6. Creating price and cost features...
   - Added profit margin, markup ratio, and cost efficiency

Current shape: (9500, 95)


In [20]:
# Feature Engineering - Part 3: Categorical and interaction features

print("\n7. Creating aggregated features by SKU and location...")

# SKU-level aggregations
sku_agg = df_fe.groupby('part_sku').agg({
    'quantity_sold': ['mean', 'std', 'sum'],
    'total_sales': ['mean', 'sum'],
    'transaction_id': 'count'
}).reset_index()
sku_agg.columns = ['part_sku', 'sku_avg_qty', 'sku_std_qty', 'sku_total_qty', 
                   'sku_avg_sales', 'sku_total_sales', 'sku_transaction_count']
df_fe = df_fe.merge(sku_agg, on='part_sku', how='left')

# Location-level aggregations
loc_agg = df_fe.groupby('location_id').agg({
    'quantity_sold': ['mean', 'std', 'sum'],
    'total_sales': ['mean', 'sum'],
    'transaction_id': 'count'
}).reset_index()
loc_agg.columns = ['location_id', 'loc_avg_qty', 'loc_std_qty', 'loc_total_qty',
                   'loc_avg_sales', 'loc_total_sales', 'loc_transaction_count']
df_fe = df_fe.merge(loc_agg, on='location_id', how='left')

# SKU-Location combination aggregations
sku_loc_agg = df_fe.groupby(['part_sku', 'location_id']).agg({
    'quantity_sold': ['mean', 'std'],
    'total_sales': 'mean'
}).reset_index()
sku_loc_agg.columns = ['part_sku', 'location_id', 'sku_loc_avg_qty', 'sku_loc_std_qty', 'sku_loc_avg_sales']
df_fe = df_fe.merge(sku_loc_agg, on=['part_sku', 'location_id'], how='left')

print(f"   - Added SKU-level, location-level, and SKU-location aggregations")

print("\n8. Creating interaction features...")

# Interaction features
df_fe['qty_price_interaction'] = df_fe['quantity_sold'] * df_fe['unit_price_after_gst']
df_fe['inventory_demand_interaction'] = df_fe['quantity_in_hand'] * df_fe['rolling_mean_7']
df_fe['weekend_critical_interaction'] = df_fe['is_weekend'] * df_fe['critical_spare'].astype(int)
df_fe['holiday_event_interaction'] = df_fe['is_holiday'].astype(int) * df_fe['is_event'].astype(int)

print(f"   - Added interaction features")

print("\n9. Creating supplier and quality features...")

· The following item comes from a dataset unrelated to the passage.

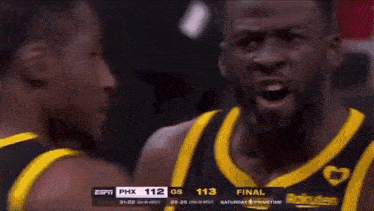 a man in a yellow and black basketball uniform is standing next to another man in a black and yellow basketball uniform .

# Supplier performance features
df_fe['supplier_lead_time_reliability'] = df_fe['avg_lead_time_days'] * df_fe['reliability_score']
df_fe['supplier_quality_cost'] = df_fe['quality_score'] / (df_fe['cost_index'] + 0.1)
df_fe['supplier_overall_score'] = (df_fe['reliability_score'] + df_fe['quality_score'] + 
                                    df_fe['supplier_rating']/5) / 3

print(f"   - Added supplier performance features")

print(f"\nFinal shape: {df_fe.shape}")
print(f"Total features created: {df_fe.shape[1]}")



7. Creating aggregated features by SKU and location...
   - Added SKU-level, location-level, and SKU-location aggregations

8. Creating interaction features...
   - Added interaction features

9. Creating supplier and quality features...
   - Added supplier performance features

Final shape: (9500, 117)
Total features created: 117


In [21]:
# Encoding categorical variables and preparing final dataset

print("\n10. Encoding categorical variables...")

# One-hot encode categorical variables
categorical_cols = ['category', 'location_id', 'supplier_id', 'lifecycle_status']

# Create dummy variables
df_encoded = pd.get_dummies(df_fe, columns=categorical_cols, prefix=categorical_cols, drop_first=True)

print(f"   - Encoded categorical variables: {categorical_cols}")
print(f"   - Shape after encoding: {df_encoded.shape}")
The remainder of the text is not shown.